Private post doing well

The only privately owned alternative to the Post Office is scaring the daylights out of the government-run operation.
That’s why the Post Office, which was a monopoly until 2006, has asked the EU to delay for two years the opening of Poland’s letter- and package-carrying business to all comers.
Poland and the EU first negotiated a date of 2011 to open the 6-bln-zloty postal market to any company that wants to try it.
But postal officials have convinced the EU to delay the opening until 2013.

That means that companies competing with the Post Office before 2013 will be limited to only certain slices of the pie.
InPost became the first privately owned alternative to the Post Office two years ago. But it is allowed to deliver only correspondence that weighs more than 50 grams.
The company, which serves both corporate and individual clients, operates throughout the country, using 153 branches. It delivers 2 mln letters a month.

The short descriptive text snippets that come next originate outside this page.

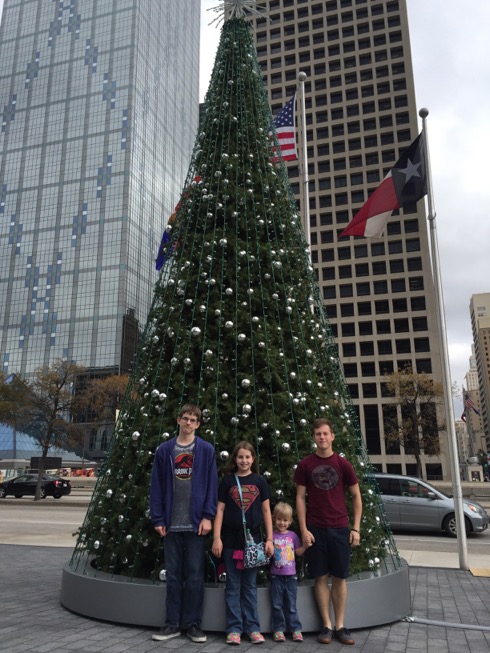 mathew-kids-in-downtown-dallas-2015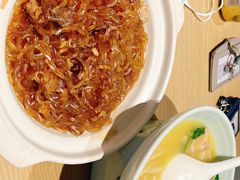 -渝信川菜 · 川味家常菜(财富购物中心店)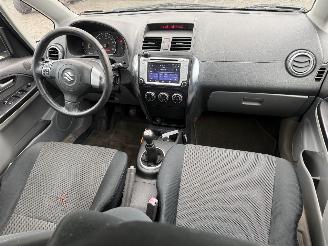 Suzuki SX4 1.6 Exclusive picture 11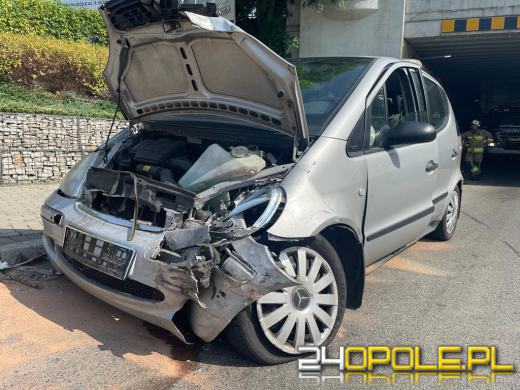 Wypadek przy wiadukcie w Kędzierzynie-Koźlu. Dwie osoby zostały ranne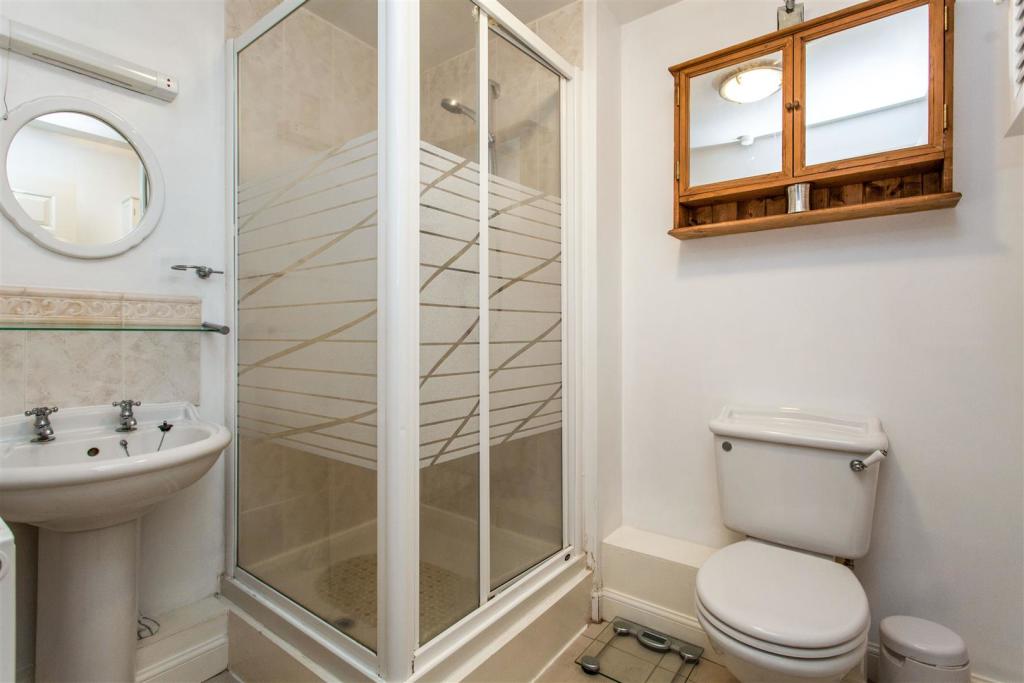 En-Suite (1).jpg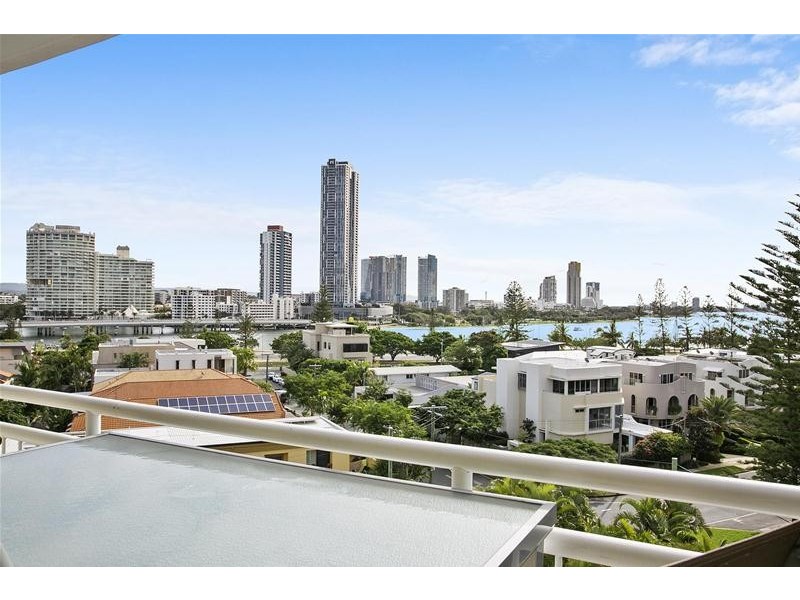 ‘OCEAN SANDS’ 11 Hughes Avenue, Main Beach QLD 4217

The Post Office has accused the InPost branch in Bielsko-Biala of putting small packets of sand in some envelops to get them to the 50-gram level.
InPost’s explanation is that the sand packets helped protect the envelopes from accidentally being jostled open during transit, but the government’s Office of Electronic Communications isn’t buying that. .

The Office of Electronic Communicatons oversees Poland’s telecommunications and postal sectors.
One of its duties is intervening in disputes involving those sectors.

The Post Office also screamed when InPost delivered some letters in 2007 with metal plates of its logo.
The government-run operation, claiming unfair competition, took InPost to court. The legal proceeding is pending.
The daily newspaper Gazeta Wyborcza said that if a court decides InPost has broken the law, it will be fined 2 percent of its income for 2007.

Many Poles hope that the opening of the post market to real competition in 2013 will lower the cost of delivery and improve service.
“I hope that with the liberalization of the postal market the lines in post offices will disappear ? and finally correspondence will be delivered on time,” said Katarzyna Mazur, an English teacher from southeastern Poland.